Cannon Music Camp at Appalachian State University got off to a busy start during its first week with plenty of lessons, master classes, and a great concert on Sunday featuring several student ensembles (pictured at left is the Wind Ensemble horn section during rehearsal on the first day). All of the students have now had one lesson and a master class with me, so I have a better idea of who everyone is, and where they are in their musical development. During the first lesson I always ask students lots of questions, including what their short and long term goals are. Some of the goals students shared with me for their time at camp included working on tone, range, endurance, lip trills,and All-State audition repertoire.

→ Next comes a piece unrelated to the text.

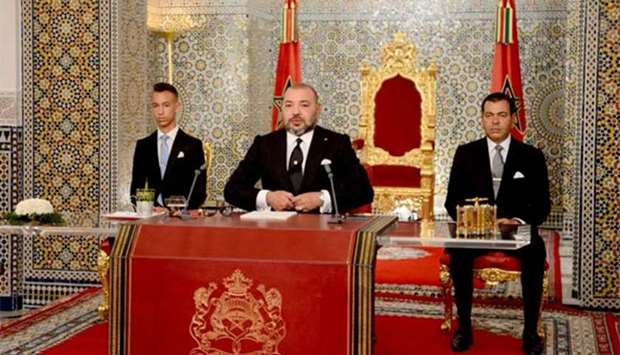 King Mohammed VI (centre) delivering a speech to mark the 16th anniversary of his accession to the throne, beside his brother Prince Moulay Rachid (right) and son Hassan III (left) in Tetouan.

In addition to these goals I also encouraged all of the students to get into a regular warm-up/practice routine, even if only for 30 minutes or so per day during their busy schedules at camp. Taking care of your embouchure is really important during times of heavy playing, and a brief warm-up and maintenance period each day – along with a warm-down at the end of the day – will help keep everything working properly. All of the lessons so far have focused to some degree on fundamentals, as well as covering etudes, solo repertoire, chamber music, and large ensemble music. We’ve also been working a lot out of David Vining’s Long Tone Duets, which in addition to being great for warming up together at the beginning of lessons is excellent for improving intonation, tone quality, and deep breathing. All of my students at camp have expressed a desire to keep playing the horn beyond high school, and many of them want to major in music. For those students who want to major in music, especially the rising juniors and seniors, I emphasized the importance of taking regular private lessons, and getting serious about practicing scales and etudes, not just solos and audition music. During our first master class together I played briefly for the students, which generated some great questions about warming up and practice habits in general. After discussing some possible warm-up routines, I shared my list of recommended horn websites – at the top of the list were Hornmatters.com, International Horn Society, Hornplayer.net (now a part of the IHS site), hornexcerpts.org, and poprepair.com. I also took the opportunity to mention my own blog and YouTube channel! In this week’s master class we’ll talk about basic instrument repair and maintenance, and some recommended recordings for horn players.
The campers ended a busy first week with a Kaleidoscope concert featuring brief selections by several ensembles. Bravo to all of the groups who performed, and a special congratulations to the horn players in the Wind Ensemble, Honors Brass Quintet, and Honors Woodwind Quintet. Keep up the good work! As we begin Week 2 I’m looking forward to working with everyone again in lessons and hearing some more great performances.